Come vi avevo già raccontato quando il libro stava per essere distribuito in Italia, la vicenda prende spunto dallo scandalo del 1967 scoppiato attorno al magazine Encounter del 1967, quando la stampa rese noto che parte dei suoi finanziamenti provenivano dalla CIA e il direttore Stephen Spender si dimise dichiarandosi estraneo e non a conoscenza dei fatti. McEwan utilizza con sapienza fonti storiche per calarci in una simile (fittizia o no non è chiaro) operazione dell'intelligence inglese. Nonostante il background storico, mi è impossibile incasellare questo romanzo all'interno del genere spy. Piuttosto, si tratta di una vera e propria celebrazione della letteratura in tutte le sue forme, o anche di una vera e propria antologia di racconti celata dietro la continuità della storyline principale.

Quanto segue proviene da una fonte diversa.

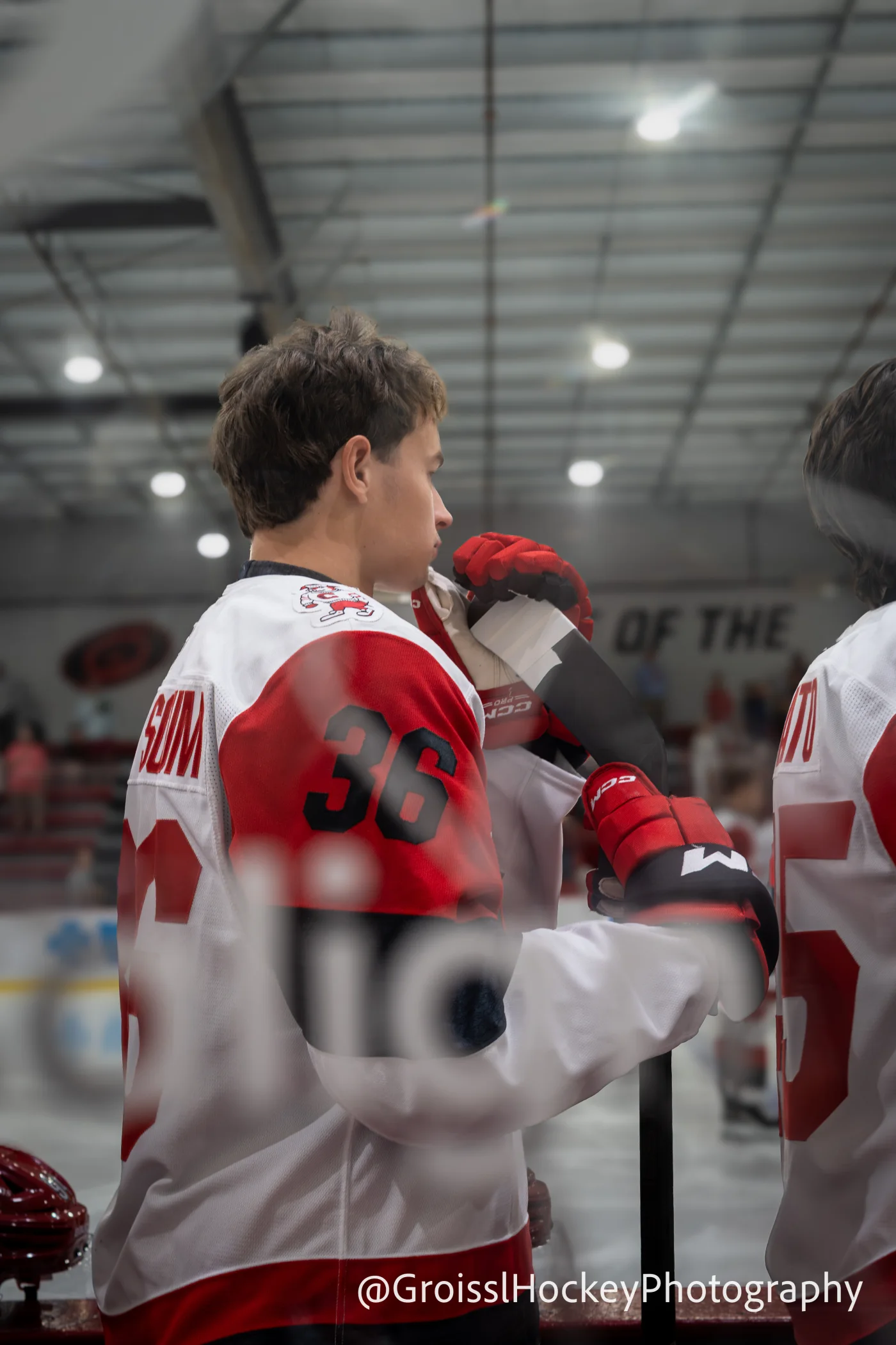 Felix Unger Sorum holding his stick at the Carolina Hurricanes bench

I personaggi sono assolutamente verosimili e caratterizzati con un'arguzia che mi ha ricordato Espiazione, anche se la storia non vi somiglia. La voce narrante è ancora una volta quella di una donna, cosa che mi ha ancora una volta fatto riflettere su quanto McEwan sia bravo ad entrare a tu per tu con l'universo femminile e a conoscerne i più efferati segreti. L'elemento più plausibile del carattere di Serena è l'essere naturalmente contraddittoria, dato che si indigna per il modo in cui il suo mondo ritenga inferiore intellettualmente e remunerativamente le donne, ma allo stesso modo biasimando il povero Tom perché le sue camicie sgualcite sono sinonimo dell'assenza di una compagna nella sua vita. Tom, da parte sua, è un personaggio enigmatico, che appare nebuloso fino all'epifania finale, come tutti gli altri personaggi ricorrenti nella storia che dimostrano quanto sia volubile e mutevole l'animo umano.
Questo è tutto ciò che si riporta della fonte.